Un’altra Abbazia, un altro tempo

Quando ho letto della trasferta in Abbazia, di questo strano governo, mi son venute in mente delle immagini – piuttosto buffe, nonostante tutto – di matrimoni in crisi, con coppie che fanno un viaggetto per tentare di superare la noia (o il disgusto?) dell’unione che non funziona, alla ricerca di un diversivo improbabile, per sanare contrasti insanabili.
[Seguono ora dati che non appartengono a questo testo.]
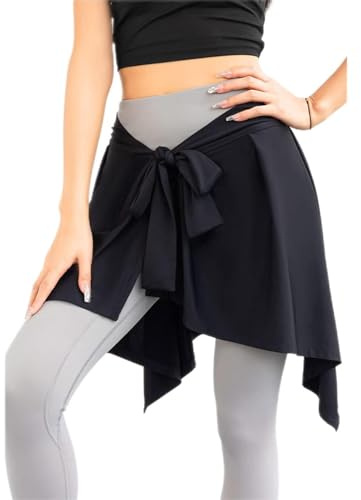 Dam Elegant Polyester Fitness Pareo Omlottkjol Tennis Cover Up Kort Omlott Fitness Kjol Strandklänningar (Svart)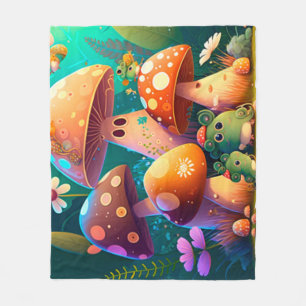Lovely cute mushrooms for kid's room   fleece blanket
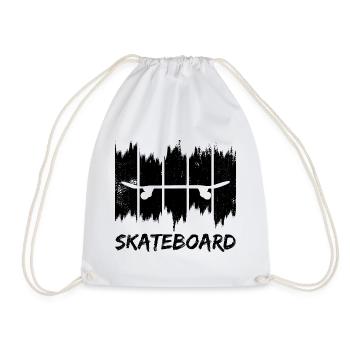 Skateboard - Turnbeutel - Weiß - Vorne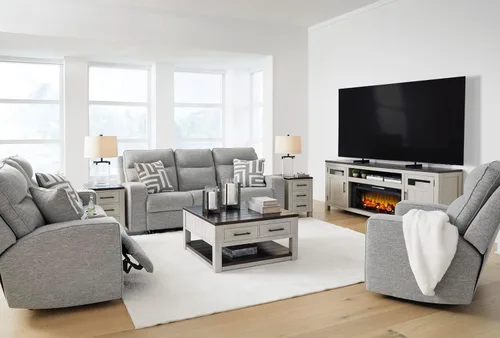 Miniatura 20 de Signature Design by Ashley Biscoe - Sofá biplaza reclinable resistente a los rayos UV con consola, reposacabezas ajustable y puertos USB, color gris
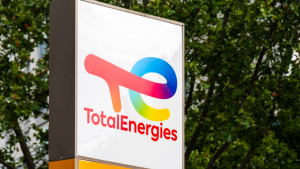 Logo on the sign of a TotalEnergies (TTE) gas station, new name of the French oil company Total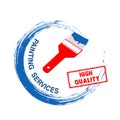 Professional Painting Services Logo. Red paintbrush draws a blue paint circle on a white background. Stamp High Quality.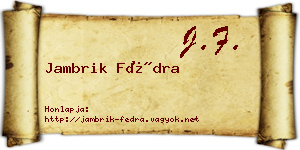 Jambrik Fédra névjegykártya
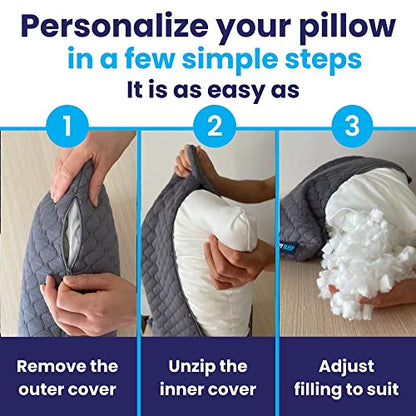 Sidney Sleep Mini Travel Size Neck Pillow - Knee, Back Lumbar and Support - Small Curved Pillow - 14 x 19 Inches - Adjustable Loft - Washable - Drawstring Backpack Included (Mini - Grey) - color: Grey, size: Travel Mini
Conosco i luoghi, che hanno un loro charme e poi sono politicamente corretti; pare che la Toscana abbia una funzione taumaturgica, o almeno tale dote le viene attribuita. Ci sono cose, però che ho trovato ‘disturbanti’, a cominciare dal tone of voice con cui si esprime il luogo dell’auspicabile miracolo.

Cominciamo con il nome – Abbazia -. Mi pare che quel luogo non lo sia più, ma che sia (o aspiri a essere) una sede per convegni o per attività residenziali (mi ritorna in mente il programma europeo chiamato “Convention Bureau“, finanziato dall’EU, e un po’ maliziosamente – lo ammetto – mi sono chiesta se la proprietà vi ha attinto).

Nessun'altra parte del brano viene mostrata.